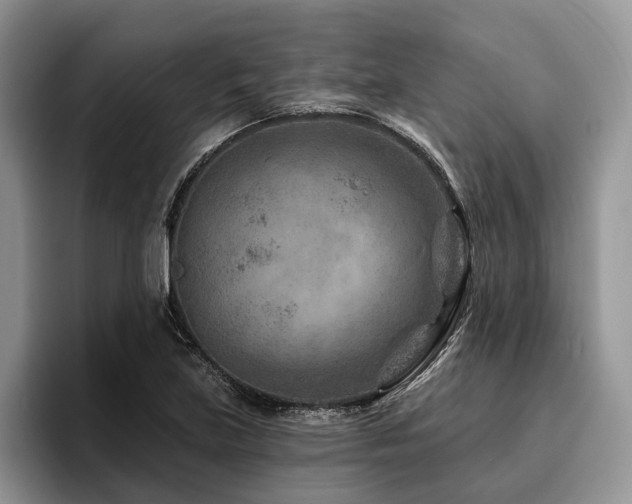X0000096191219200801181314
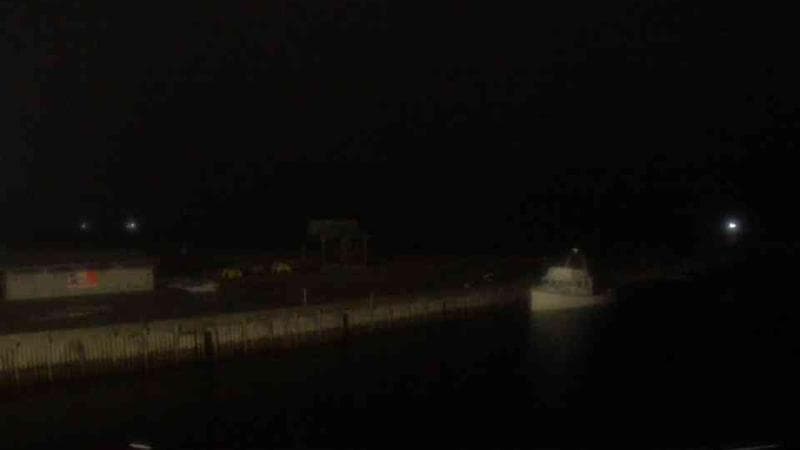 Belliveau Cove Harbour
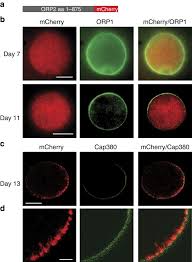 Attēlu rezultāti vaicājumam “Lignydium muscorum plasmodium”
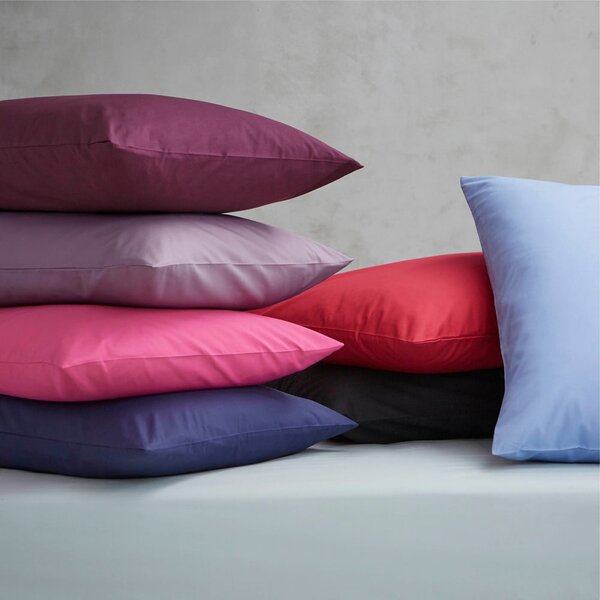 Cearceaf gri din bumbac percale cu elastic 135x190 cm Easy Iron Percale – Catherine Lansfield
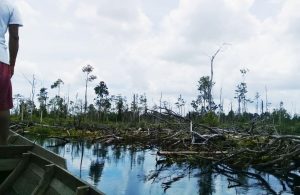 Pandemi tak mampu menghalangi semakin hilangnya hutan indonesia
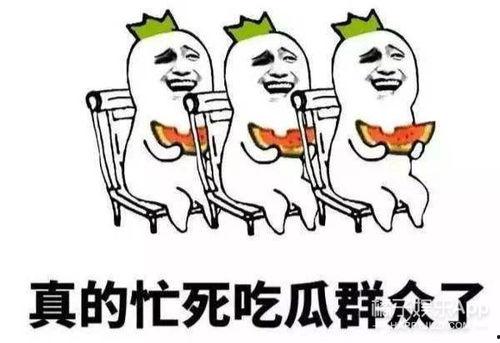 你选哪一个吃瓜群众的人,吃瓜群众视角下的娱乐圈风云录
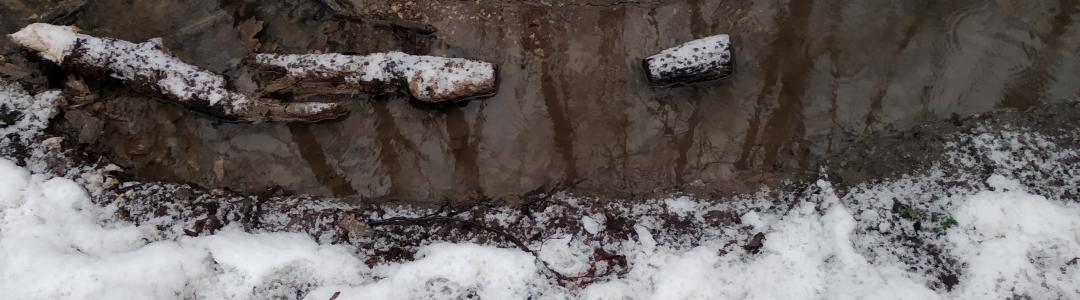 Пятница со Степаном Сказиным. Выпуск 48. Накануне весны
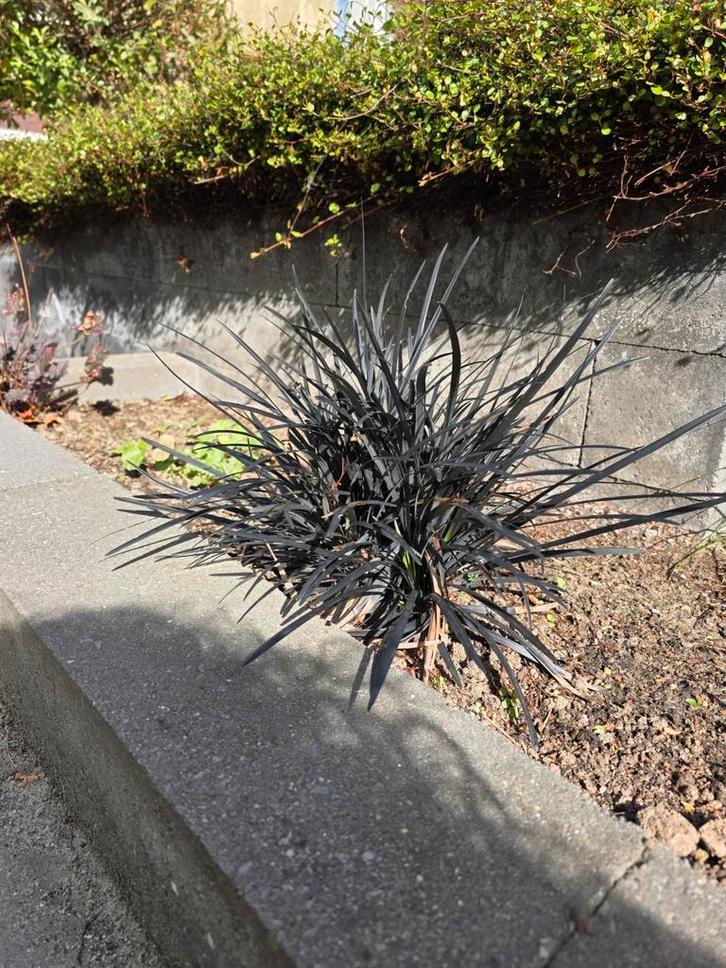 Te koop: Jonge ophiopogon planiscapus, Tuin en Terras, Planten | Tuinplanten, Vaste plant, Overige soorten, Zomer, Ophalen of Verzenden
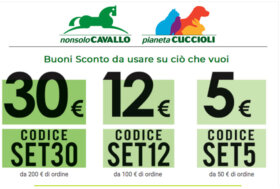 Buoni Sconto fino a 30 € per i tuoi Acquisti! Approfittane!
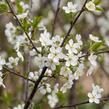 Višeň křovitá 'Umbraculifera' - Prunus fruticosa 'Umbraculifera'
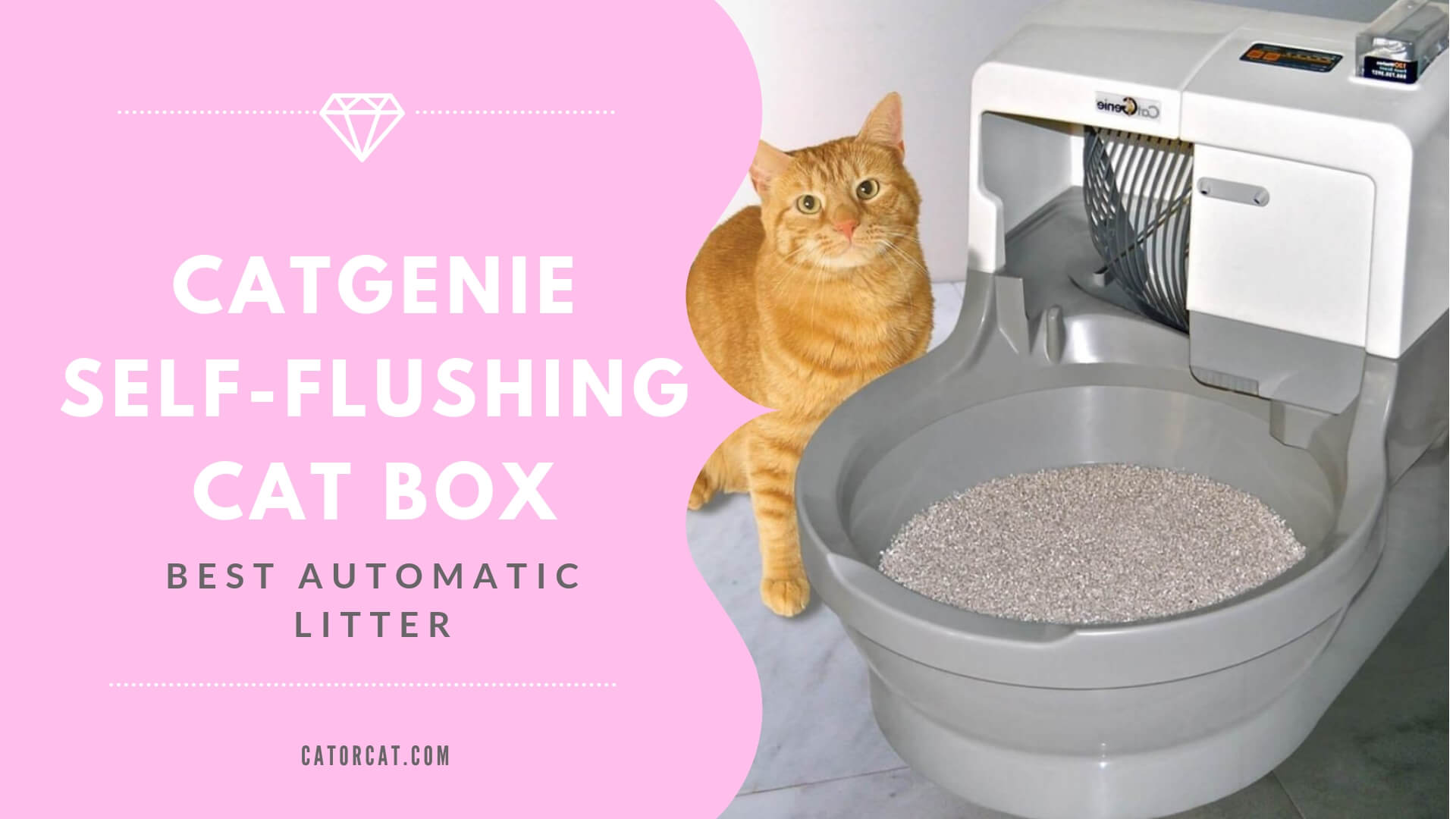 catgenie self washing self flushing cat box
• • • •
(What is expected) Write out the records exactly. Do not carry the pictures over.

(Exercise response)
X0000096191219200801181314
 Belliveau Cove Harbour
 Attēlu rezultāti vaicājumam “Lignydium muscorum plasmodium”
 Cearceaf gri din bumbac percale cu elastic 135x190 cm Easy Iron Percale – Catherine Lansfield
 Pandemi tak mampu menghalangi semakin hilangnya hutan indonesia
 你选哪一个吃瓜群众的人,吃瓜群众视角下的娱乐圈风云录
 Пятница со Степаном Сказиным. Выпуск 48. Накануне весны
 Te koop: Jonge ophiopogon planiscapus, Tuin en Terras, Planten | Tuinplanten, Vaste plant, Overige soorten, Zomer, Ophalen of Verzenden
 Buoni Sconto fino a 30 € per i tuoi Acquisti! Approfittane!
 Višeň křovitá 'Umbraculifera' - Prunus fruticosa 'Umbraculifera'
 catgenie self washing self flushing cat box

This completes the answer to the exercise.